Wilhelm Grießhaber vereinfacht die Analyse der Erwerbssequenz bzw. reduziert die sechs von Pienemann gefundenen auf vier:

  1. Die erste Stufe enthält Äußerungen die der Wortstellung im einfachen deutschen Hauptsatz mit Subjekt-Verb-Objekt-Reihung entspricht.
  2. Bei der zweiten Stufe wird die für das Deutsche sehr charakteristische Trennung von finitem Verb und infiniten Verbteilen erworben.
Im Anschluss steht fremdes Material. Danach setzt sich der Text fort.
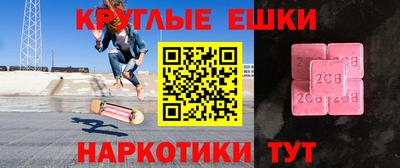 ешки Нарткала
Damit sind eine Vielzahl differenzierter Aussagen möglich: Modifizierung einer äußerung nach der Modalität (mit Modalverben) oder der Nichtaktualität (Hilfsverb zur Perfektbildung) und schließlich die schon von Mark Twain anschaulich geschilderte und beklagte Trennung von Verbstamm und abgetrennter Vorsilbe, die notwendig wird, wenn man Aktionen mit trennbaren Vorsilben differenzierter und genauer ausdrücken will. Die deutsche Wortstellung verlangt vom Sprecher (und vom Hörer), dass er Informationen trennt, die eigentlich zusammengehören (z.B. Hilfsverb und Vollverb beim Perfekt) und die in den meisten Sprachen auch in Kontaktstellung realisiert werden. Der Sprecher muß also diese kompakte Information in mehrere Wörter aufteilen und dann zwischen die gespreizten Wörter Informationen packen, die ‘logisch’ erst nach dem kompakten Prädikat folgen. Damit diese Operation beim freien Sprechen funktioniert, müssen vorher schon ele-mentare Operationen erworben und automatisiert worden sein.
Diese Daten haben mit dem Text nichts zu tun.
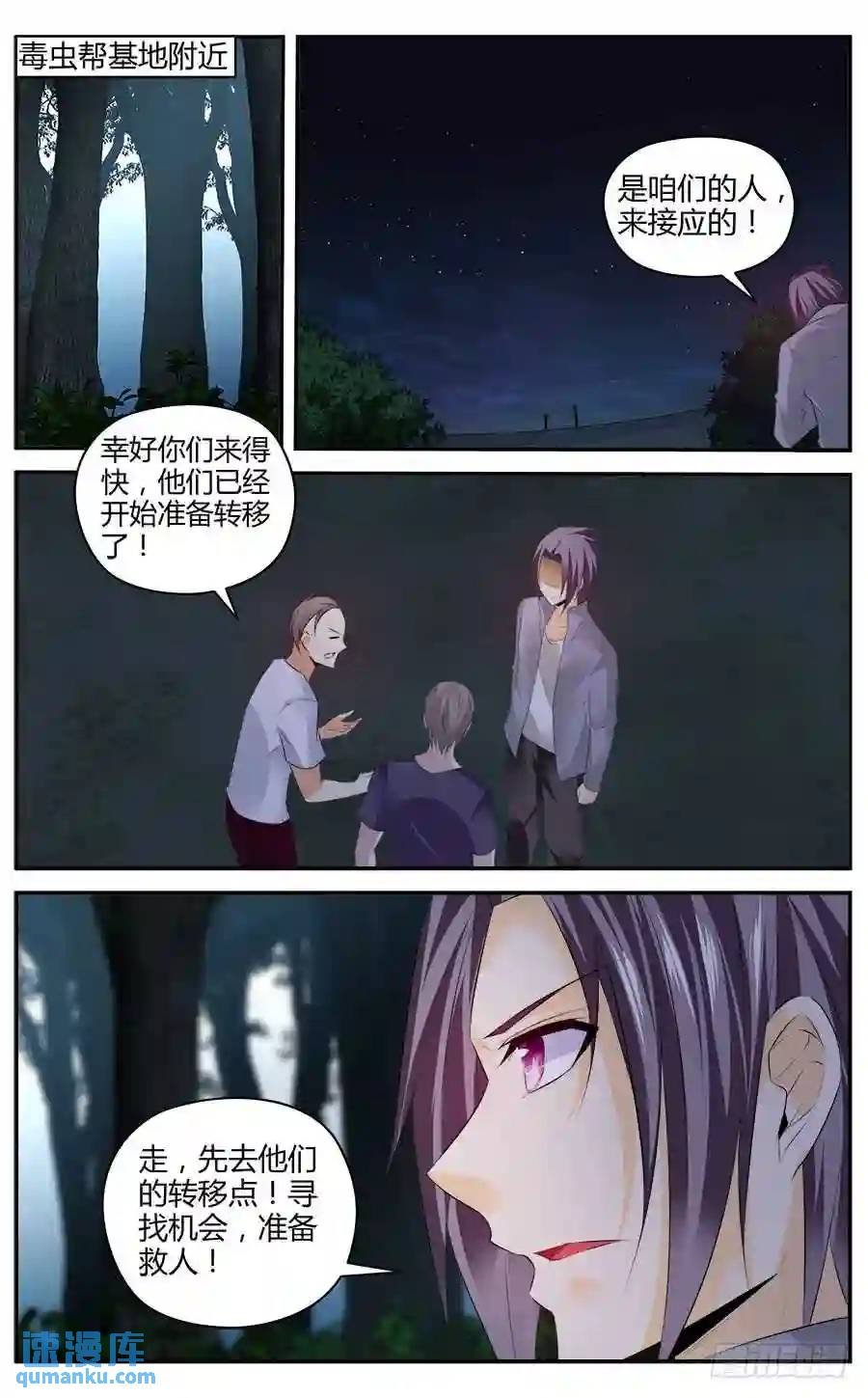 304.物资区域战！（上）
  3. Bei der dritten Stufe werden nach vorangestellten Adverbialen Verb und Subjekt vertauscht. Dies ist ebenfalls eine Eigentümlichkeit des Deutschen. Die Voranstellung eröffnet dem Sprecher mit der Frontierung von Informationen am Satzanfang neue expressive Ausdrucksmöglichkeiten. Bei kindlichen Erzählungen ermöglicht sie die einfache Verkettung von einzelnen Aussagen zu einer zusammengehörenden Folge (erst später werden auch andere Mittel der Verkettung erworben). Die grammatisch bedingte Inversion von Subjekt und Finitum stellt ebenfalls eine änderung der kanonischen Abfolge von äußerungseinheiten dar. Ein Verstoß wird von deutschen Muttersprachlern sehr sensibel als Fehler registriert. Mit der Voranstellung von Adverbialen verschiebt sich der Fokus auf das dem Verb folgende Subjekt, das bei normaler Stellung unbetont bliebe. Offensichtlich wird diese Stellungsvertauschung erst dann erworben, wenn vorher schon die Trennung des Prädikats in verschiedene Wörter erworben wurde.
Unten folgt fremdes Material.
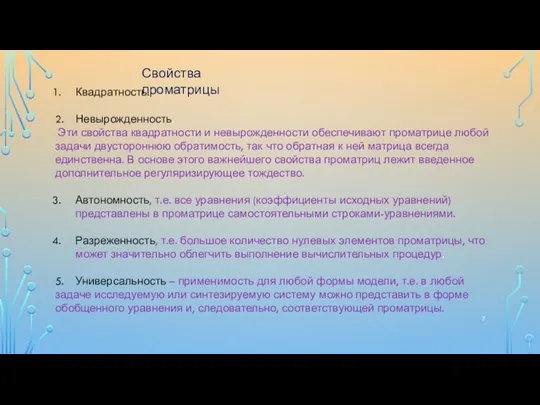 Квадратность. 2. Невырожденность. Эти свойства квадратности и невырожденности обеспечивают проматрице любой задачи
  4. Bei der vierten Stufe wird schließlich die Nebensatzstellung mit Endstellung des Finitums erworben. Auch diese Wortstellungsregel mit der Variation des Finitums je nach Status des Satzes stellt eine deutsche Besonderheit dar. Hier erwirbt der Lerner die ganze Fülle differenzierter Ausdrucksmöglichkeiten, die ihm Nebensätze eröffnen. Dabei muß er lernen, dass nach subordinierenden Konjunktionen (dass, wenn, …) das Finitum an das äußerungsende rückt. Auch dies stellt wieder hohe Ansprüche an die mentale Planung. Die kanonische Abfolge von Aktor, Aktion (Verb) und Objekt wird grundlegend geändert. Dabei muß schon bei der Planbildung der äußerung die Art der Aktion (des Verbs) irgendwie angelegt sein, doch mit ihrer Realisierung muß gewartet werden, bis das von der Aktion logisch betroffene Objekt schon versprachlicht ist. Diese Operation wird offensichtlich erst dann erworben, wenn schon die Vertauschung von Subjekt und Finitum beherrscht wird.

Diese Regeln operieren unabhängig davon, ob die sprachliche Form der Wörter den grammatischen Regeln entspricht. Auffällige Formfehler, die man im Gespräch und an Texten sofort als Regelverstoß wahrnimmt, versperren den Blick auf die tieferliegenden Regelmäßigkeiten. Die Lerner müssen im Erwerbsprozeß offenbar über Fehler gehen. Auch im Mutterspracherwerb machen Kinder viele Fehler, sie regularisieren z.B. unregelmäßige Verben (gehte statt ging). Dennoch käme niemand auf die Idee, daraus zu schließen, dass sie ihre Muttersprache nicht lernen. Bei Zweitsprachlernern ist aber festzustellen, dass bei vielen der Erwerbsprozeß schon in frühen Stufen einfriert, fossilisiert. Sie haben sich u. U. ein Repertoire an Redewendungen angeeignet, das zur Befriedigung ihrer kommunikativen Bedürfnisse genügt. Damit sie Fortschritte machen, müssen wohl vor allem ihre kommunikativen Bedürfnisse geweckt werden.